Archive for August, 2007
Bath time
I was out at Margeuax Farms in Midway, Kentucky to shoot a crop sprayer. While I was waiting for the sprayer to be readied, I strolled through one of the barns to look at the horses. Each of the stalls held a horse that was worth five years of my annual earnings, some even more. As I got to the end of the barn, I turned around to see this guy taking a colt out for a bath. Photo shot with Nikon D70s DSLR.
On being boring
I do this a lot:
I fly my virtual airliner across the night skies of America. This is the control panel of my Boeing 737-800. It’s my favorite plane. It’s the most common, most deployed airliner in the world. I have other planes which I use for different circumstances, but mostly I fly this one. It’s fairly demanding and forces you to handle it properly. If you try to land at 300 knots, you’ll run off the end of the runway.
Screen shot from the game, not a photo
Mostly, I fly to boring middle-American cities: Indianapolis, Nashville, Memphis, St. Louis, Chicago – much the way that real pilots do. Sometimes I’ll fly exotic places: Alaska and the Northwest Territory, or the islands of the Caribbean, but mostly, I hop from city to city in the Midwest. Often I fly at night so that there is nothing to see outside the windows; I am alone with my instruments, other virtual pilots and air traffic control. It feels like the sky is very busy, and I track the other planes with my radar. Right now I am crossing Alabama from Chattanooga, Tennessee, on my way to Louis B. Armstrong International in New Orleans. Atlanta just handed me off to Houston center air traffic control. New Orleans doesn’t actually control its own airspace; Houston does. I’m about 75 miles out from New Orleans at 22,000 feet. Houston will start bringing me down in a few minutes. Now, I’m flying alongside Lake Pontchartrain, that region that was so devastated by Hurricane Katrina.
I have been playing this game in some form since the mid-1980′s. It has migrated across a dozen computers, improving all the time. I don’t travel much in the real world — jobs and dogs make it difficult these days. In my virtual airliner, I can go anywhere, fly far away from the things that are bugging me. It’s a psychological release. I can fly until I’m ready to collapse from fatigue, then set down, turn off the machine and sleep — no risk, no commitment, nothing that I have to make decisions about. It’s better than sleeping pills. I’m sure that some would consider this crashingly boring, but you can’t be interesting and creative all the time.

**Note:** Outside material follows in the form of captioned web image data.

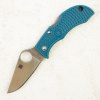 Нож Spyderco Manbug, K390, FRN Blue, MFPK390 Нож Spyderco Manbug, K390, FRN Blue, MFPK390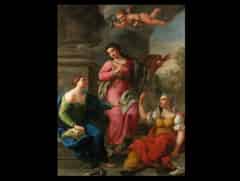 Detailabbildung: Italienischer Maler des ausgehenden 18. Jhdts.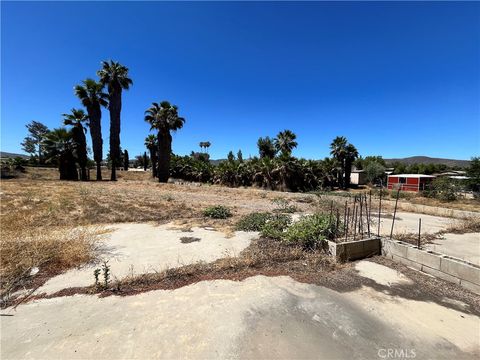 A home in Hemet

I suppose that if I had my head on straight, I would be thankful that my life is stable enough that I can complain of boredom. That rationalization doesn’t help very much, though.
Ruined Country Club
This is a ruined old country club outside of Florence, Colorado. I lived near there in the early 1980′s. While it looks older, I think its heyday was during Prohibition, and it probably did most of its service as a speakeasy. This place struck me as one of the most desolate vistas I had ever seen. If you could pan to the left, you would see Pike’s Peak, and the area is not as empty and desolate as this picture makes it look. This photo was shot with a Nikon FM on Kodak Panatomic film. Dinosaurs, sadly. I developed and printed the film myself. I was particularly pleased with this shot because the grays were tricky and I had to get the temperature and time of the developer just right to get the proper range of grays.
I have lived a lot of places, but Colorado is the one I regret leaving. I loved being there. I loved the mountains. But, I left and came back to Kentucky because it seemed to be the thing to do at the time, and it probably was. I love Kentucky too, but I miss Colorado.